On the scale of seriously screwed-up stuff, this guy might take the title. From November 1986 to January 1987, Heidnik kidnapped, imprisoned, and tortured -- including starvation and electrocution -- five people in the basement of his Philadelphia home. GRUESOME DETAIL ALERT: he actually dismembered one victim and boiled her head, which caused a smell so pungent that neighbors called the police. Who, of course, left the scene after Heidnik convinced them that it was just a bad pot roast. While only two of his victims died, his crimes are still among the most horrific in Pennsylvania history, and he was executed in July 1999.
Craig Price (aka the "Warwick Slasher”)
While many serial killers get their start as kids by killing the neighbor’s cat, Craig Price went straight to murdering people. At age 13, he broke into a house and stabbed the woman who lived there 58 times. Two years later, in a marijuana-and-acid-induced haze, he stabbed another neighbor 57 times while also killing her daughters. Though he confessed, he also bragged that since he was a juvenile when he committed the heinous acts, he’d “make history” upon being released at 21. Rhode Island, however, had the last word -- not only did it change the law but it found other crimes for which to charge Price. He remains in prison serving 10-25 years for criminal contempt and in-prison violence.
Donald Henry Gaskins (aka the "Meanest Man in America”)
“Meanest” might be a slight understatement for this guy, who was not only known as a hitman in South Carolina in the late '60s and early '70s, but also killed for pure enjoyment.
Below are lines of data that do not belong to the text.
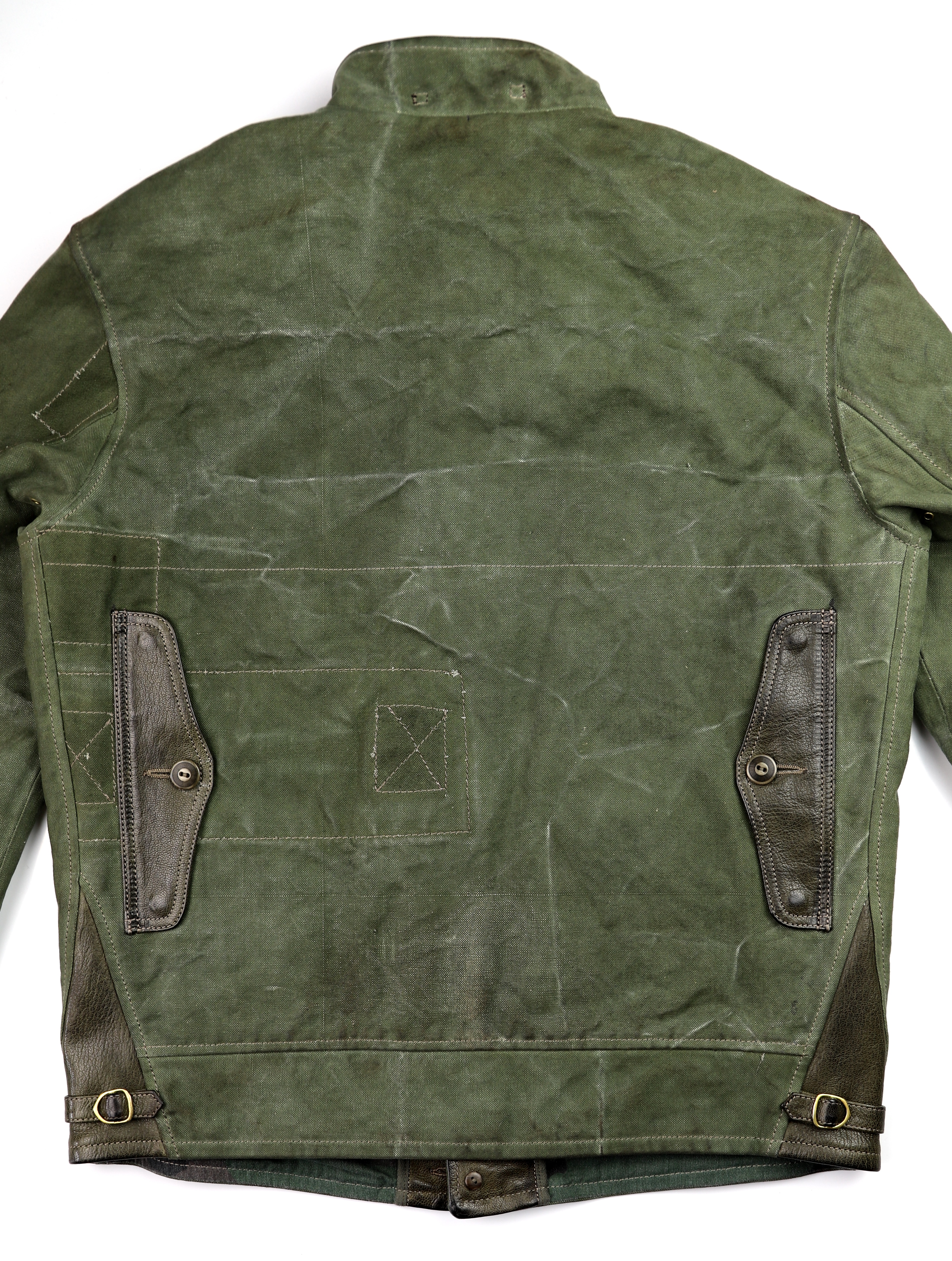 Thedi Canvas and Green Goatskin Button-Up back.jpg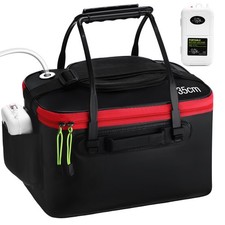 Cosblank 2 Pcs Fishing Bucket Live Bait Aerator Foldable Portable Quiet EVA Bag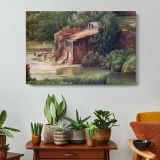 Garden Pond and Stone Bridge - single-panel canvas displayed above a console table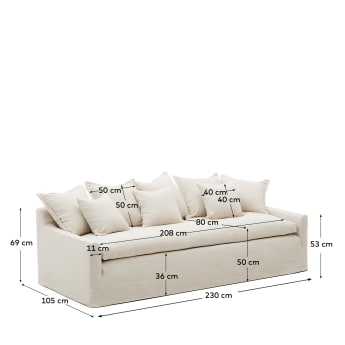 Zenira sofa with removable cover and beige cotton and linen cushions, 230 cm - sizes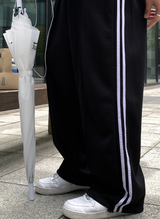 キーパーデイリーダブルロートラックバンディングワイドパンツ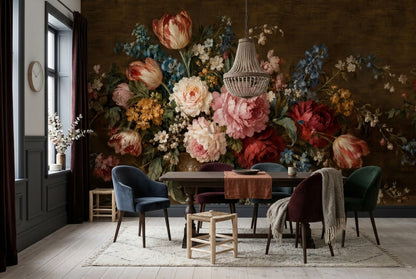 Vintage Vase Floral Wallpaper Dark Wall Mural
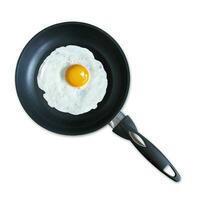 Fried egg on small pan isolated on white background. photo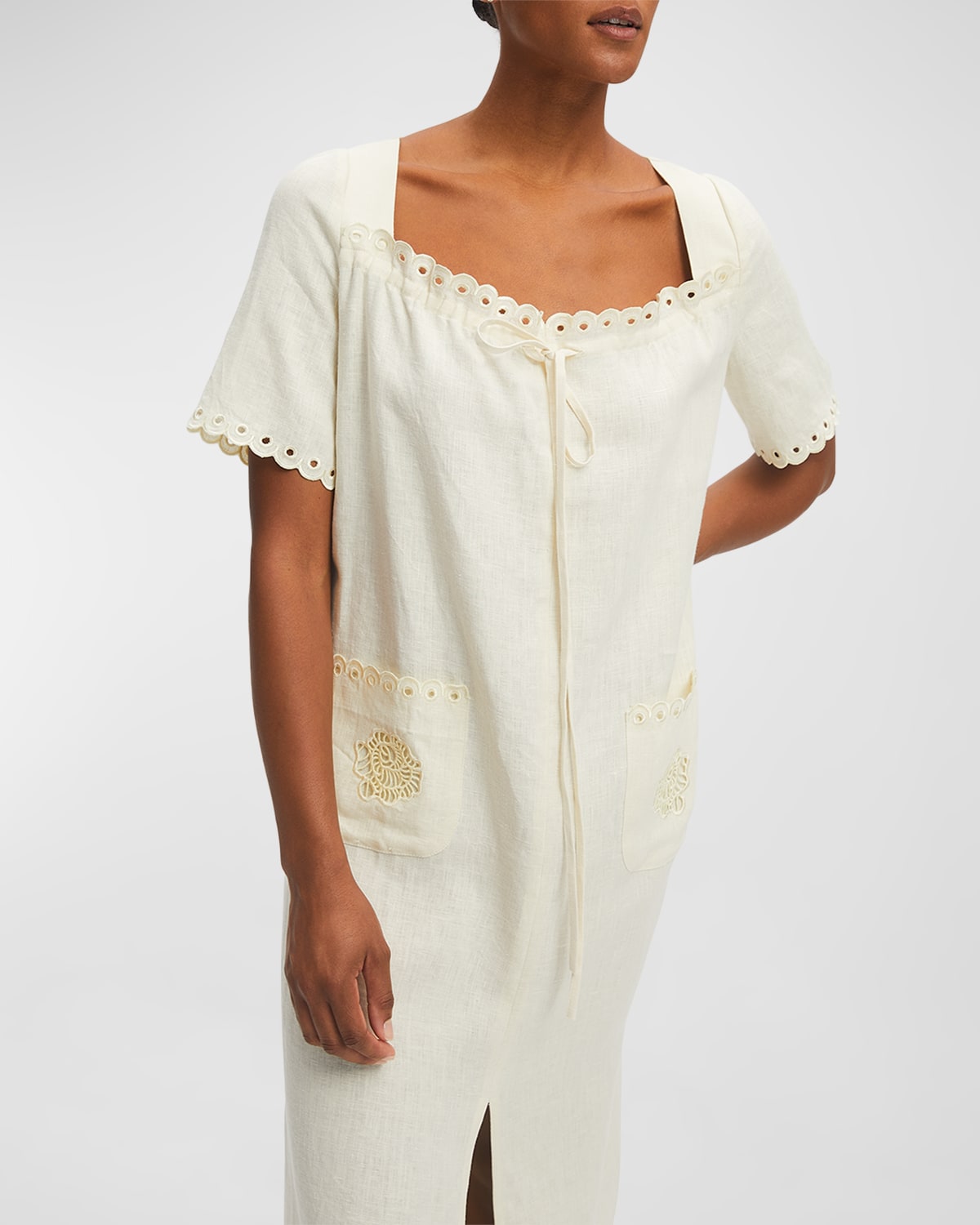 Shop Sleeper Sofia Scalloped Embroidered Linen Midi Dress In White Asparagus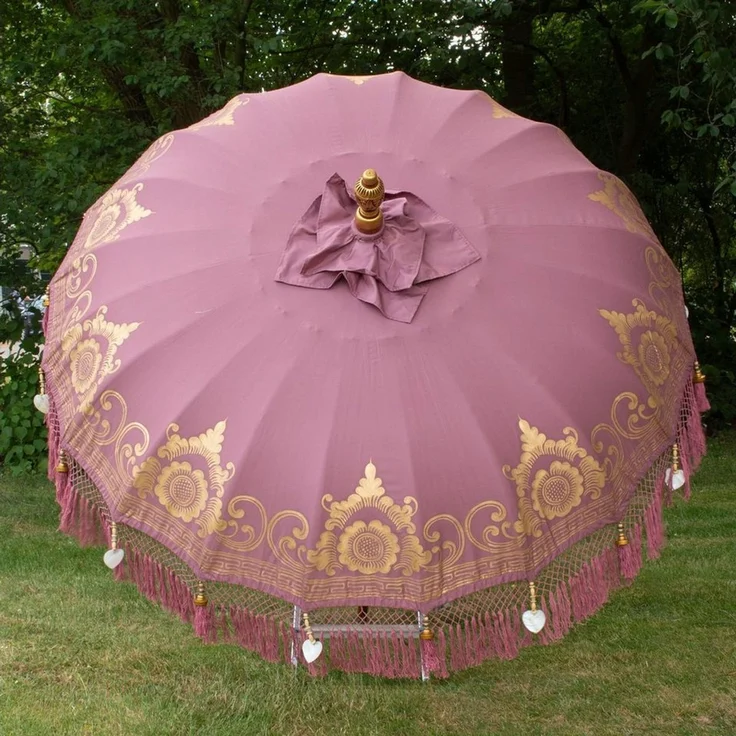 Oriental Galerie Sonnenschirm Bali Garten Sonnenschirm Mauve Model Stella 185 cm – Bild 3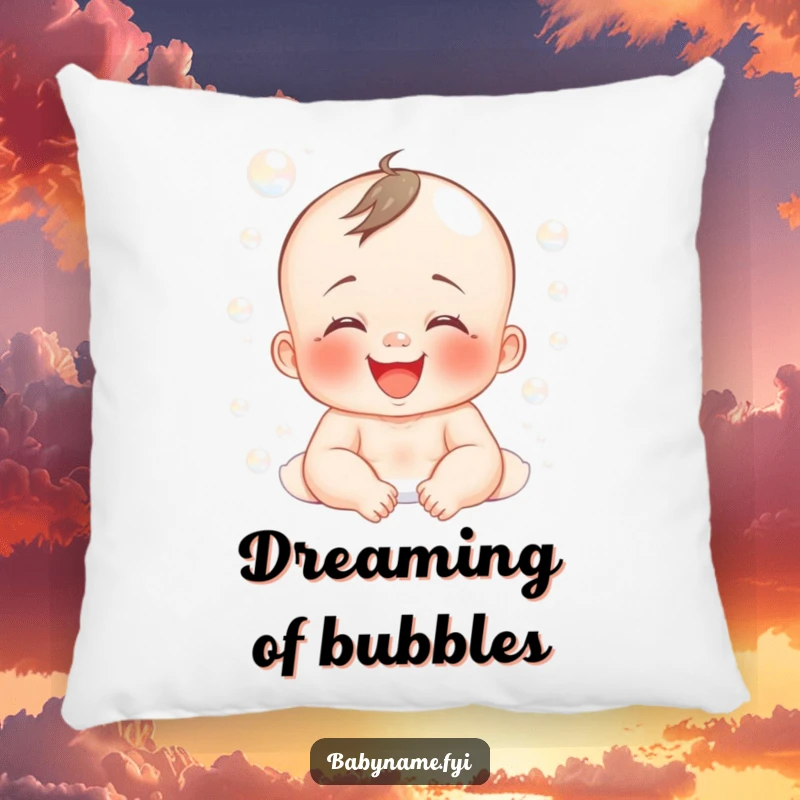 Funny decorative pillow featuring a giggling baby covered in soft bubbles, bringing playful energy.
Gaskins classified his killings into two categories: "coastal kills" -- mostly hitchhikers he picked up about every six weeks and tortured/cannibalized -- and "serious kills," people who he knew, or who pissed him off, or who he was paid to kill. He was finally caught when a fellow criminal ratted him out; he was sentenced to death in 1976 and was executed via electric chair in 1991.
Some serial killers swear vengeance on the people who put them in prison. It seems Jake Bird actually got it. A transient, Depression-era laborer, Bird moved across the country doing railroad work, and in addition to robbing to support himself, also killed everywhere he went. This included South Dakota -- among 10 other states -- where he murdered an estimated 44 women.
When he was finally convicted after killing a woman during a Tacoma, Washington break-in, he made a statement before sentencing: “I’m putting the Jake Bird hex on all of you who had anything to do with my being punished. Mark my words, you will die before I do." And within a year, six of the people involved in his trial did, in fact, perish, including the judge. Bird himself died at Walla Walla by hanging in 1949.
Micajah and Wiley Harpe
Since forensic science in the 1700s wasn't exactly what it is now, it’s hard to confirm these guys were actually America’s first serial killers -- but folklore gives them that nefarious claim. A pair of brothers who roamed Tennessee, Kentucky, and Illinois, they killed indiscriminately, often filling the bodies with rocks and dumping them in a river. Micajah, the elder or “Big” Harpe, was allegedly killed and his head was stuck on a post somewhere near Harpe's Head intersection in Webster County, Kentucky (that’s where the names comes from, see) while the younger was apprehended and executed.
The idiom “never take candy from strangers", and the term “molester van" were both probably because of this owner of a Texas candy company who cruised around for victims -- mostly teenagers -- in an Econoline van. His spree ended when one of his accomplices fatally shot him in the chest and provided authorities with the gruesome details of almost 30 murders.